Reste alors à définir la liste des sanctions acceptables. Et cela est une démarche complexe pour les écoles primaires puisque si pour les collèges et lycées les sanctions sont clairement énumérées dans le code de l'éducation (lire ici), les textes relatifs aux école du premier degré sont moins précis et laissent une marge d'appréciation aux enseignants.
Pour les écoles primaires, la référence est encore une circulaire de juin 1991 (texte ici). Il y est écrit notamment que "tout châtiment corporel est interdit", que "les manquements au règlement intérieur donnent lieu à des réprimandes", qu'il "est permis d'isoler de ses camarades, momentanément et sous surveillance, un enfant difficile ou dont le comportement peut-être dangereux pour lui même ou pour les autres.", enfin qu'en cas de "difficultés particulièrement graves affectant le comportement de l'élève" la situation est "soumise à l'examen de l'équipe éducative". (§ 3.2.2)

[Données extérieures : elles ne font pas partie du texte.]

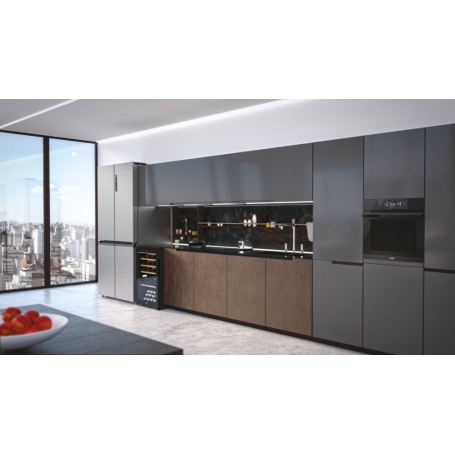 HAIER HWS49GA CANTINETTA VINI 49 BOTTIGLIE ILLUMINAZIONE LED VETRO ANTI UV CLASSE F COLORE NERO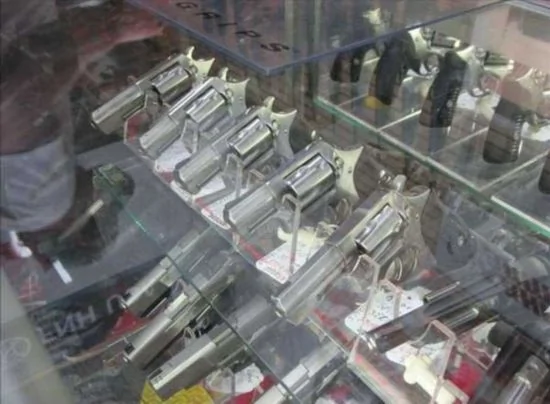 华人实拍:真枪实弹 探秘美国的枪械超市随便挑(组图)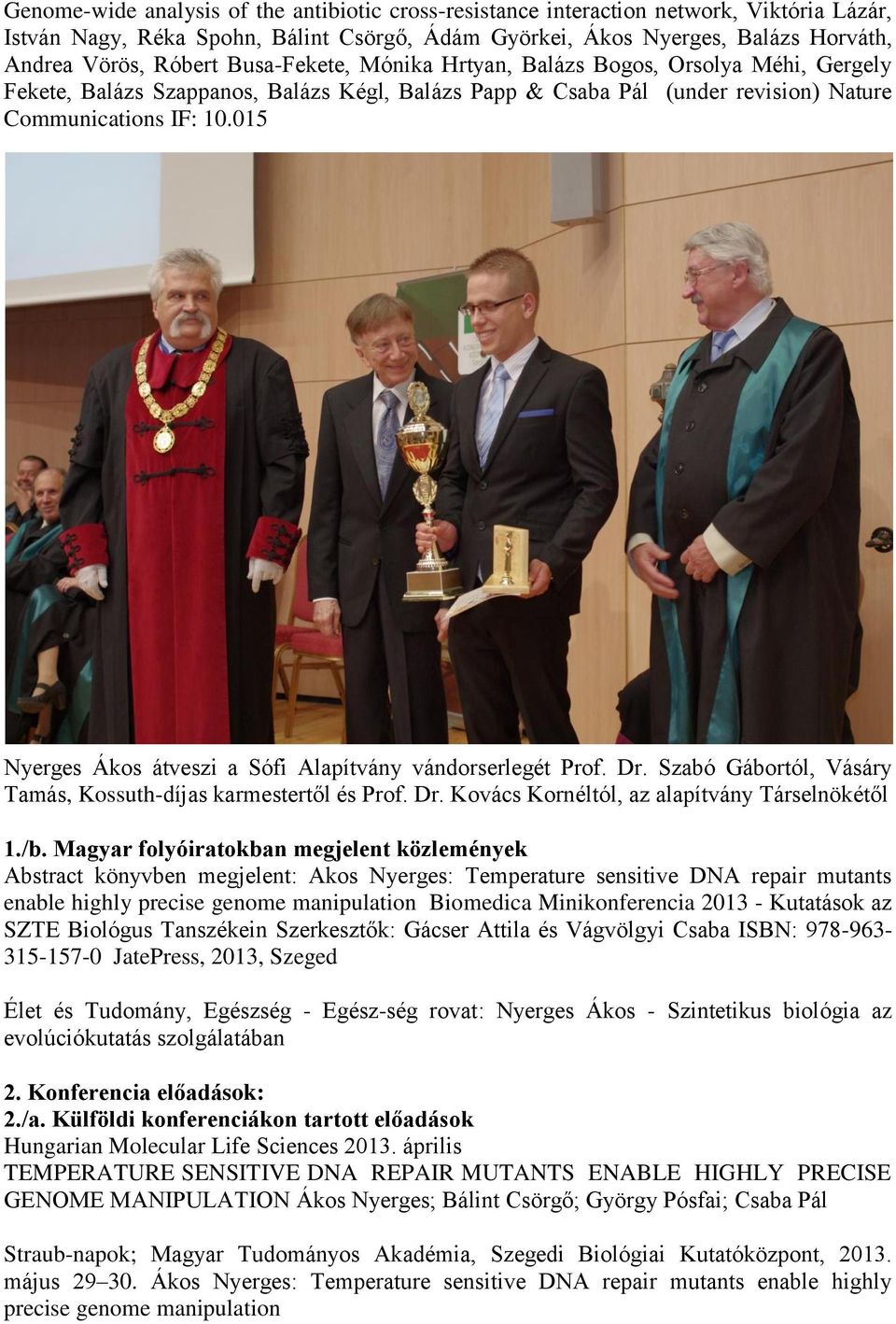 015 Nyerges Ákos átveszi a Sófi Alapítvány vándorserlegét Prof. Dr. Szabó Gábortól, Vásáry Tamás, Kossuth-díjas karmestertől és Prof. Dr. Kovács Kornéltól, az alapítvány Társelnökétől 1./b.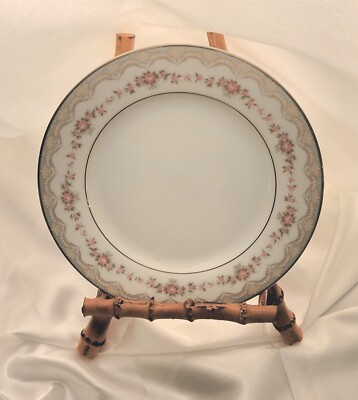 Noritake Porcelain Glenwood 6.5'' Dessert/ Bread Plates With Rose Pattern (4)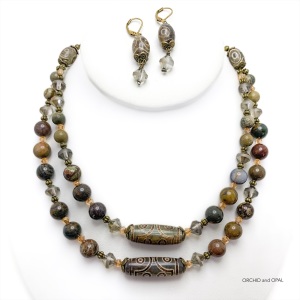 Dzi Agate Beaded Antique Bronze Two Strand Necklace Set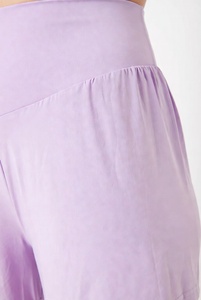 Nouveauté : Shorts de yoga sportifs pour femmes avec logo personnalisé, taille haute, respirants, en molleton tissé, extensibles et de qualité supérieure - Product Image 2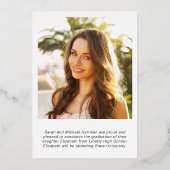 Eleganter Script-Foto-Abschluss Folieneinladung (Rückseite)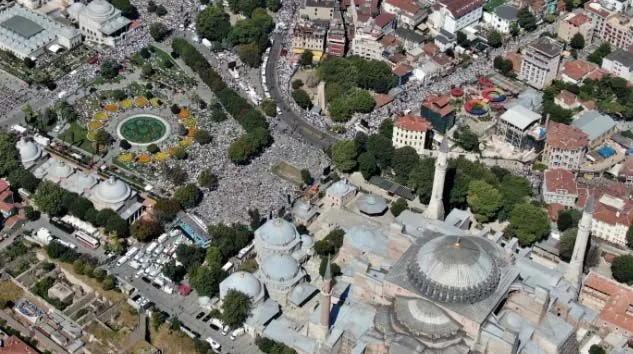 Ayasofya Camii çevresinde namaz kılma alanları doldu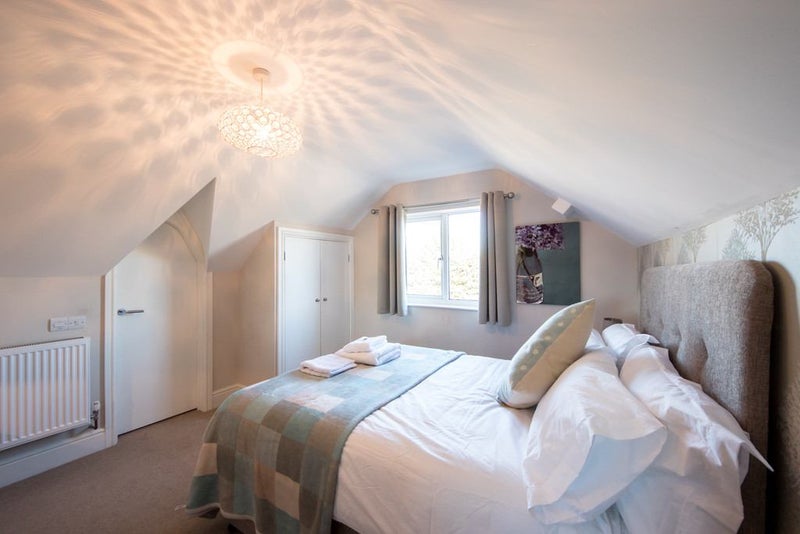 Photo 1: Room 6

Dès lors la mise à distance d'un enfant dans un espace délimité et pendant la récréation peut sembler conforme à la règlementation, quand bien même les parents de l'enfant sanctionné à cause de son comportement perturbateur peuvent être gênés de voir la problématique familiale montrée ainsi au grand jour.
Certains répondront que quand des enfants présentent des troubles du comportement à l'école, les enseignants doivent intervenir par l'écoute, le dialogue, et la persuasion, mais non par la sanction. Cela pourrait éventuellement être envisagé si d'une part les enseignants étaient à la fois pédagogues et psychologues, et d'autre part si pendant la journée ils ne devaient pas s'occuper des autres enfants. De fait, il est illusoire, et injuste, de demander aux enseignants des écoles primaires d'aller au-delà du périmètre de leur métier.
En tous cas, le débat sur les sanctions applicables n'est pas clos. Mais si la vigilance s'impose afin que l'exaspération des adultes ne les conduisent pas à des sanctions inacceptables, ce débat ne doit pas avoir pour conséquence de priver les adultes de toute capacité de sanctionner les comportements les plus inadéquats.